Fui vegetariano por boa parte da minha vida adulta, até que de repente não era mais. (É engraçado como um inofensivo filé de peixe pode ser uma porta de entrada para todo o setor de carnes do supermercado se você for descuidado.) Mas, durante os anos em que evitei carne, as pessoas me perguntavam sobre minhas razões e eu sempre citava motivações políticas e ambientais . Há ampla evidência de que a degradação ambiental e corrupção andam de mãos dadas quando se trata de agricultura industrial. E a causa animal não estava na minha lista de razões porque eu acreditava (e acredito) que a morte seja uma coisa natural. Na verdade, todos aqueles argumentos do tipo “não devemos comer animais” não ressoavam em mim. Pura lei da natureza; por que seria errado comer outra espécie para sobreviver?

O problema é que essa pergunta retórica é erguida sobre duas premissas falaciosas. Primeiro, as pessoas hoje em dia comem menos carne para sobrevivência do que por mera gula. A dieta mediterrânea é um exemplo claro de como se deve comer para melhorar a saúde e aumentar a longevidade, e suas diretrizes recomendam meia dúzia de vezes menos carne do que o brasileiro médio está acostumado a consumir.

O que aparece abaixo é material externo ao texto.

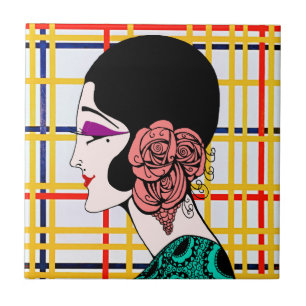 Azulejo De Cerâmica Lady Elegance sobre Nova York do Mondrian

No entanto, enchemos nossos buchos com asinhas fritas de frango até que nossas artérias se congestionem para, em seguida, tomarmos remédios que nos permitam enfiar mais asas de frango guela abaixo. Em segundo lugar—e eu não esperava que um livro sobre uma verdade inconveniente pudesse me deixar tão abalado—a pergunta do parágrafo anterior aborda apenas uma parte do problema: não se trata de como um animal morre, mas de como ele vive em primeiro lugar.

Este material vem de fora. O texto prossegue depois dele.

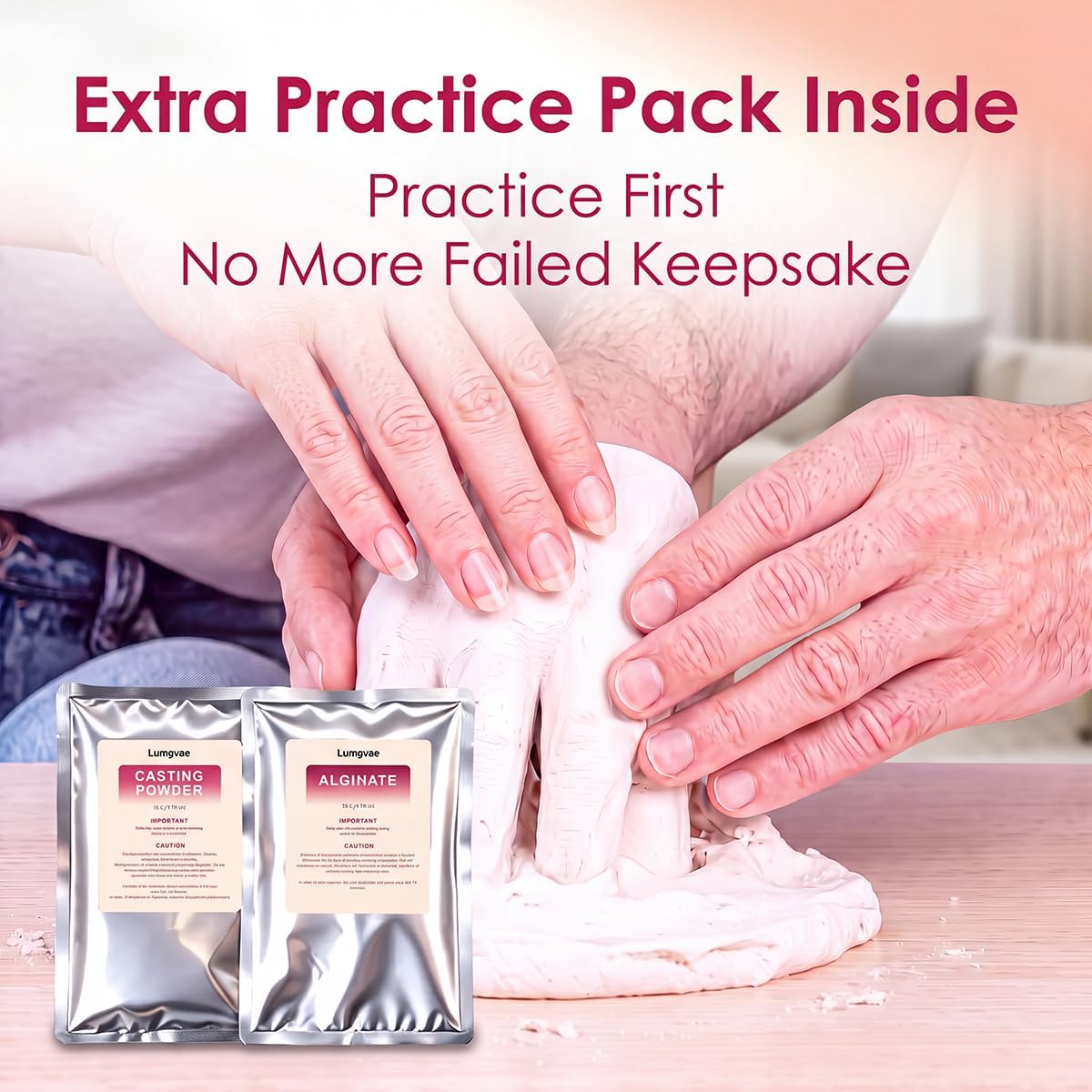 Hand Casting Kit with Extra Practice Pack, Non‑Toxic 3D Hand Mold Kit for Couples & Family, Easy DIY Plaster Casting Set, Ideal Gift for Anniversary, Wedding, Valentine’s Day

Tomemos as galinhas poedeiras, por exemplo. Elas não são criadas para serem abatidas (intencionalmente), mas o trabalho de investigação que Jonathan fez para seu livro mostra que um pequeno galpão pode abrigar mais de quinze mil pássaros geneticamente modificados, cada um prensado em uma gaiola do tamanho de uma tablet, sob ciclos perpétuos de luzes ofuscantes e escuridão total, bem como períodos de fome e alimentação forçada. Vale tudo para otimizar a produção de ovos. Eu escrevi “intencionalmente” antes, porque uma boa porcentagem desses animais morre devido ao estresse. (Há também o caso de pintinhos machos, que são inúteis dentro do contexto da produção de ovos, então são moídos vivos e se tornam ração para suas próprias mães. Mas isso é outra história). Se fosse dada a escolha, eu acho que qualquer pessoa sensata prefereria a morte de um ente querido do que condená-lo a anos de tortura initerrupta. Embora comprar ovos não signifique necessariamente que estamos matando outro animal, no contexto da agricultura industrial seria mais humano se o fizéssemos.

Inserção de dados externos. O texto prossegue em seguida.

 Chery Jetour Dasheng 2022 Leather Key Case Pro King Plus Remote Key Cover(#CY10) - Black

Mas os animais criados com o propósito único de serem abatidos não estão em melhor posição. Porcos vivem em condições tão deploráveis ​​que seus dentes devem ser arrancados pelos veterinários para evitar o canibalismo, já que a maioria deles ficam completamente loucos—e nem sequer estão na lista dos animais com piores destinos. “A natureza também pode ser cruel às vezes”, costumam me dizer, e é verdade. Mas ninguém nunca verá leões na TV matando suas presas com choques elétricos na boca e no ânus, ou raposas escaldando galinhas vivas porque seucortador automático de garganta na linha de produção estava com defeito, e consertá-la o mais rápido possível seria um gasto de dinheiro desnecessário. Portanto, não, na natureza não chega nem perto das condições terríveis que os animais de criação industrial são forçados a viver—se o verbo “viver” for apropriado para a situação.

Quando coloquei minhas mãos neste livro, fui ingênuo o suficiente em acreditar que ele abordaria o veganismo sem apelar para exemplos gráficos de sofrimento animal. E, de fato, ele conseguiu evitá-los nos primeiros capítulos. Mas você não pode abordar aspectos filosóficos como “bem-estar universal” e “como ele deve ser estendido a todos os seres sencientes” sem, eventualmente, confrontar o status quo; a crueldade já está institucionalizada. As Common Farming Exemptions (CFE) nos Estados Unidos são uma prova dessa afirmação. A função das CFEs é legalizar o que só poderia ser rotulado como crime, mas uma vez cometido dentro do contexto industrial, não há o menor impedimento legal. Assim, atos de crueldade que condenariam qualquer pessoa física caso fossem cometidas contra um animal de estimação são totalmente permitidos se praticados em animais dentro do contexto industrial. Do outro lado da cadeia, os consumidores são levados a desviar o olhar, seja por propaganda enganosa com vacas felizes e funcionários sorridentes de jaleco branco, por rótulos “humanos” e “orgânicos” que não contam a história toda, ou por ordens de sigilo e leis que proíbem a gravação de imagens nessas fábricas.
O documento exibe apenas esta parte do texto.